Associated Eigenvalue Problems

Associated with the problem of minimizing loss function (1) are some eigen and singular value problems defined by the matrices \(H_j\). This has been discussed extensively in Gifi (1990), and there are some more recent discussions in Tenenhaus and Tenenhaus (2011) and Van der Velden and Takane (2012).

Suppose \(H_j^+\) is the Moore-Penrose inverse of \(H_j\) and \(P_j=H_jH_j^+\) is the orthogonal projector associated with the column space of \(H_j\). Then \[ \min_{A_j}\sigma(X,H,A)=\frac{1}{m}\sum_{j=1}^m(r-\mathbf{tr}\ X'P_jX)=r-\mathbf{tr}\ X'P_\star X, \] with \(P_\star\) the average of the projectors \(P_j\). Thus \[ \min_{X'X=I}\min_{A_j}\sigma(X,H,A)=r-\sum_{s=1}^r\lambda_s(P_\star), \] where \(\lambda_s\) are the ordered eigenvalues of \(P_\star\) (from large to small). Thus we see that homogeneity analysis chooses the \(H_j\), i.e. transforms or quantifies the variables, in such a way that the sum of the \(r\) largest eigenvalues of \(P_\star\) is maximized.

Now consider alternative restrictions where we do not normalize \(X\), but we normalize the loadings \(A\) by requiring that \[ \frac{1}{m}\sum_{j=1}^m A_j'D_jA_j=I, \] where \(D_j=H_j'H_j\). Also define \(C_{jv}=H_j'H_v.\) We can collect the matrices \(C_{jv}\) in an \(p\times p\) super-matrix \(C\), which we we will call the Burt matrix.

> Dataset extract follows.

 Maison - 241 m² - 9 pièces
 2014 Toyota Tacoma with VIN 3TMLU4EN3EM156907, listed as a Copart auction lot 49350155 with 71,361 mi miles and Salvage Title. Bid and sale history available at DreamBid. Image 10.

Note that if \(H=\begin{bmatrix}H_1&H_2&\cdots&H_m\end{bmatrix}\), then \(C=H'H\). The matrix \(D\) is defined as the direct sum of the \(D_j\), i.e. it consists of the diagonal submatrices of \(C\).

The minimum of loss over unrestricted \(X\) for fixed \(A\) and \(H\) is attained at the average of the set scores \(X=\frac{1}{m}\sum_{j=1}^m H_jA_j,\) and thus \[ \min_{X}\sigma(X,H,A)=r-\frac{1}{m^2}\mathbf{tr}\ A'CA, \] and \[ \min{A'DA=mI}\min_{X}\sigma(X,H,A)=r-\sum_{s=1}^r\lambda_s(C,mD), \] where the \(\lambda_s\) are now the generalized eigenvalues of the pair \(C\) and \(mD\).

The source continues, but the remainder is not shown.